Your answer must be only the lines below from the one containing "Women's Floral Embroidered" through the one containing "Plug Into Wind", copied exactly, with the pictures left out.

RECORDS
================================
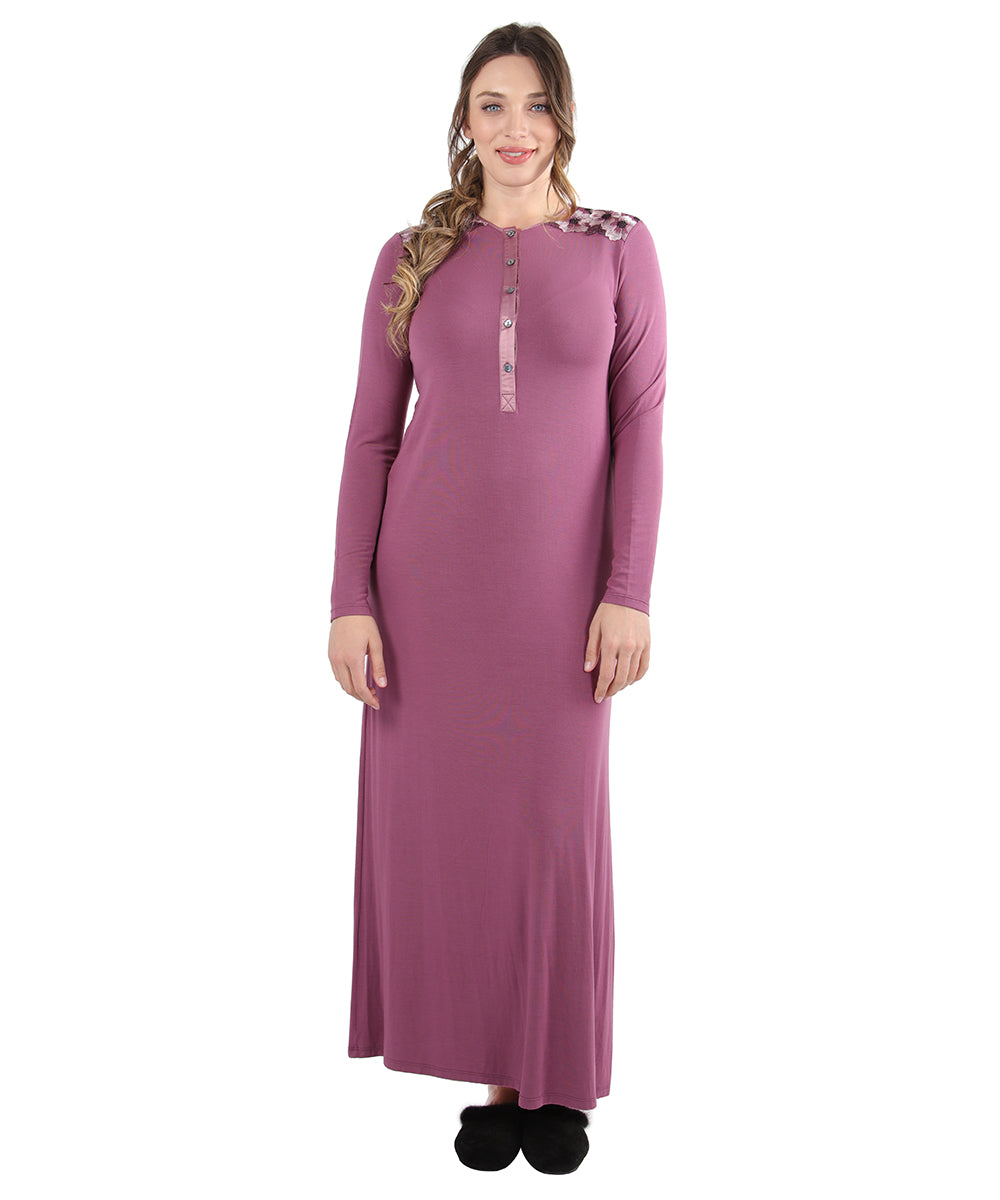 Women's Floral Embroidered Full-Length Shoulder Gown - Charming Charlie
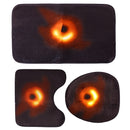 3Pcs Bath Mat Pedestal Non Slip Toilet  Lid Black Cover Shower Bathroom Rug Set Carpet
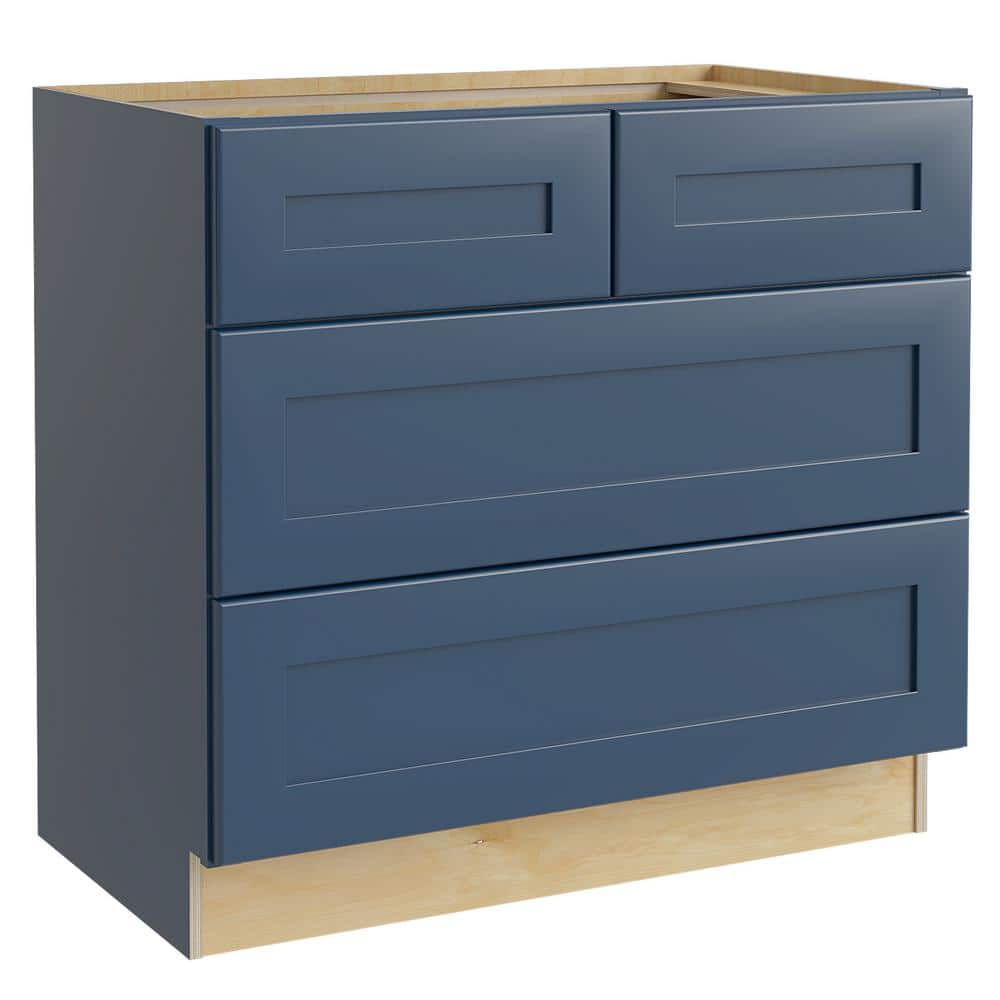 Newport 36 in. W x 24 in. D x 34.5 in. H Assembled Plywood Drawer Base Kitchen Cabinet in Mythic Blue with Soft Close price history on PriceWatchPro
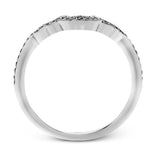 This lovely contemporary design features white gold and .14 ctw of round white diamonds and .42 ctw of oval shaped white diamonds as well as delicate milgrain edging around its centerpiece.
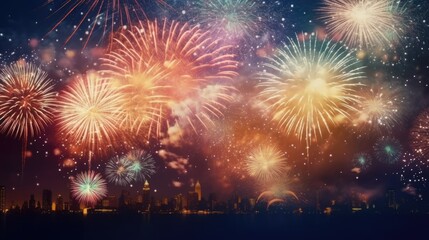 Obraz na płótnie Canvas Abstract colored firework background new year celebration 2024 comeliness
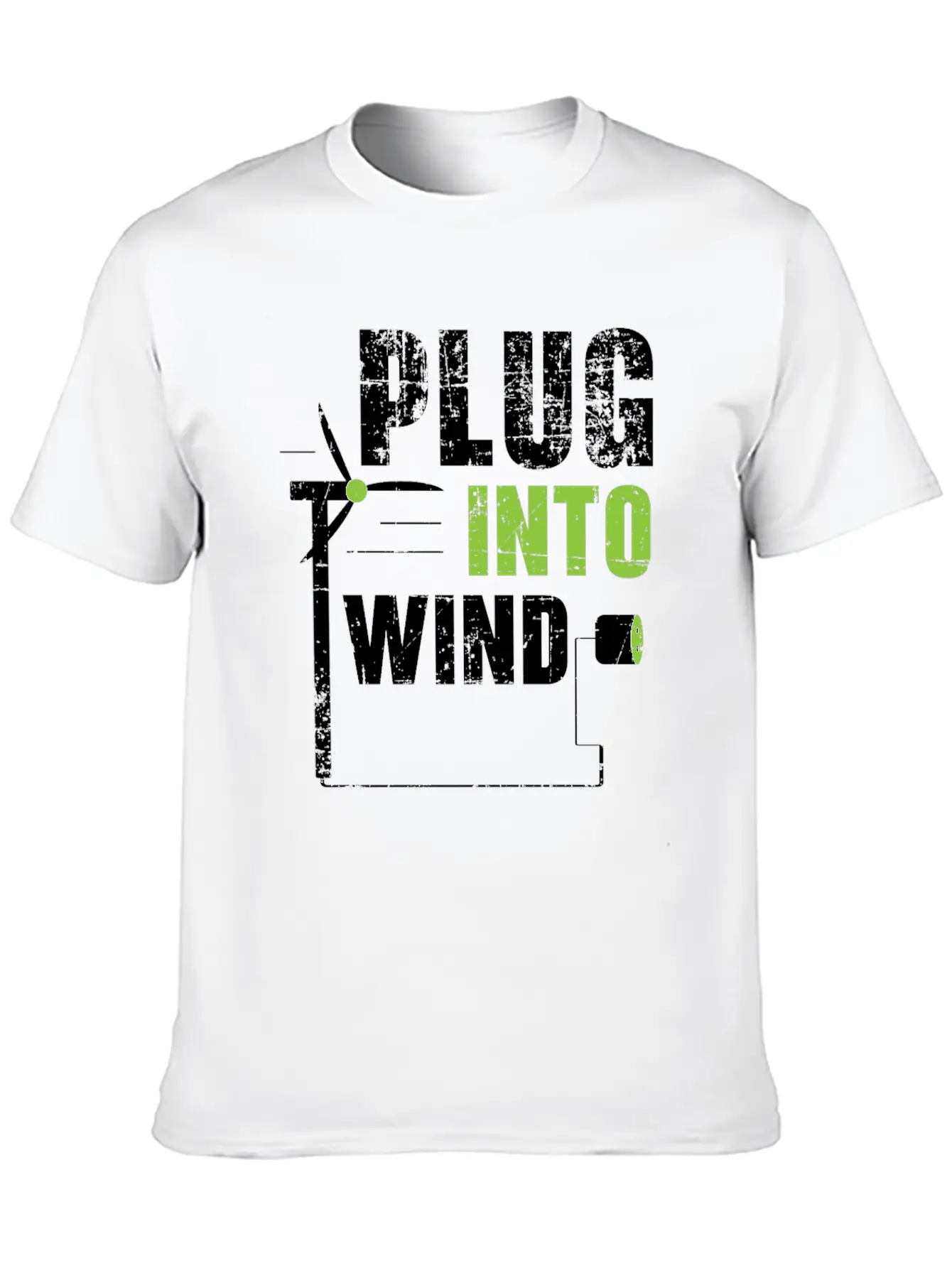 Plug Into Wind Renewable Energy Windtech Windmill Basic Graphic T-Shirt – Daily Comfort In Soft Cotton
================================
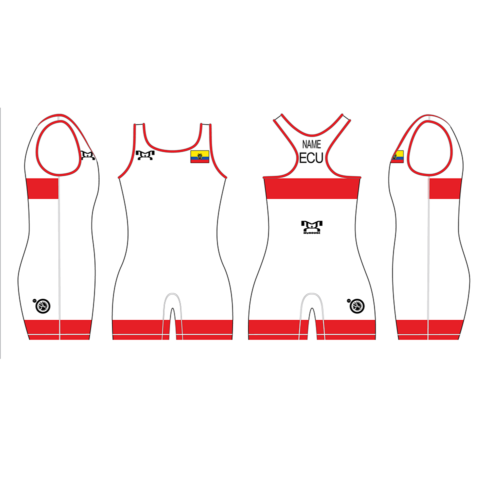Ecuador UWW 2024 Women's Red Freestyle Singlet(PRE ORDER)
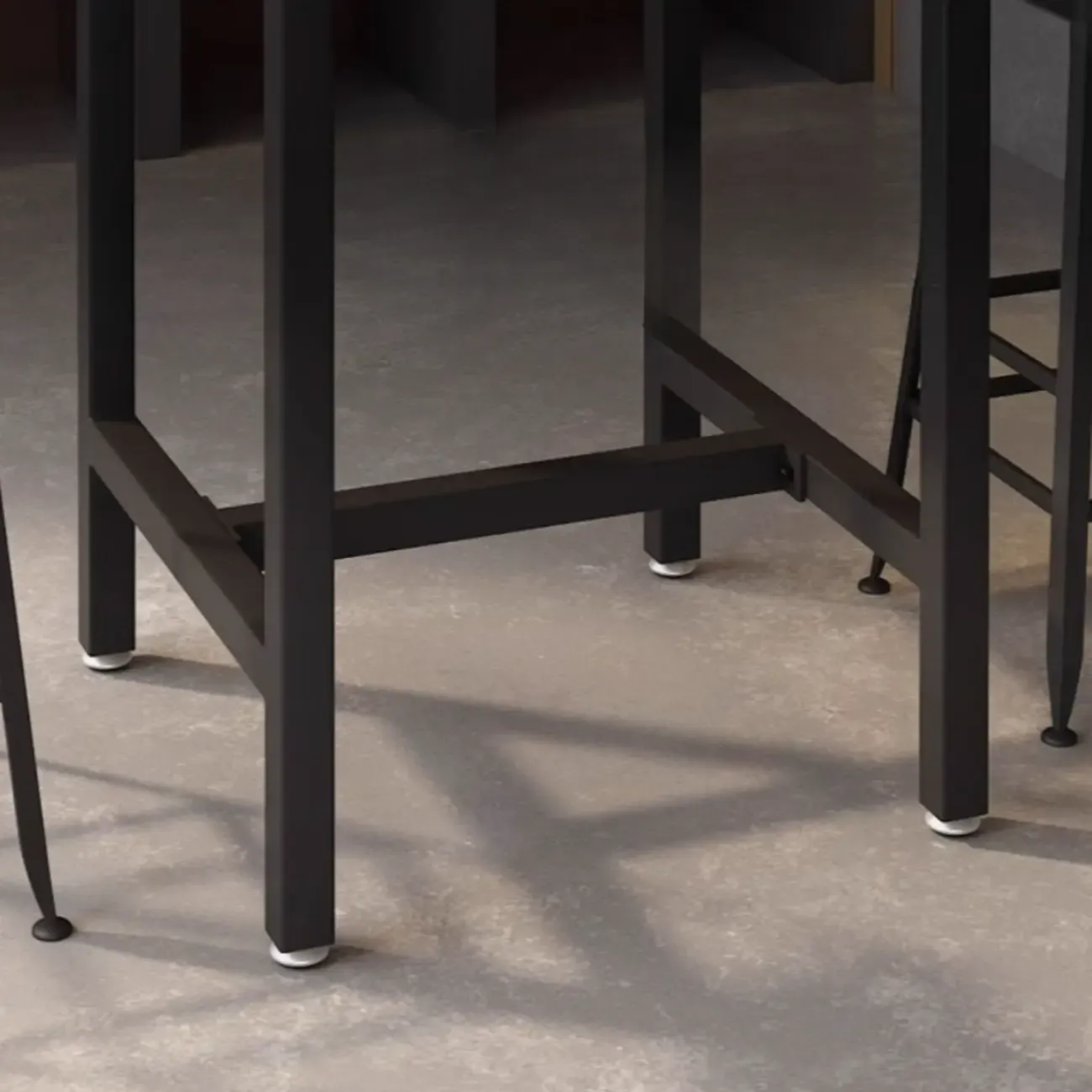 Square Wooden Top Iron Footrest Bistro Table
================================
ANSWER BOX
 Women's Floral Embroidered Full-Length Shoulder Gown - Charming Charlie
 3Pcs Bath Mat Pedestal Non Slip Toilet  Lid Black Cover Shower Bathroom Rug Set Carpet
 Newport 36 in. W x 24 in. D x 34.5 in. H Assembled Plywood Drawer Base Kitchen Cabinet in Mythic Blue with Soft Close price history on PriceWatchPro
 This lovely contemporary design features white gold and .14 ctw of round white diamonds and .42 ctw of oval shaped white diamonds as well as delicate milgrain edging around its centerpiece.
 Obraz na płótnie Canvas Abstract colored firework background new year celebration 2024 comeliness
 Plug Into Wind Renewable Energy Windtech Windmill Basic Graphic T-Shirt – Daily Comfort In Soft Cotton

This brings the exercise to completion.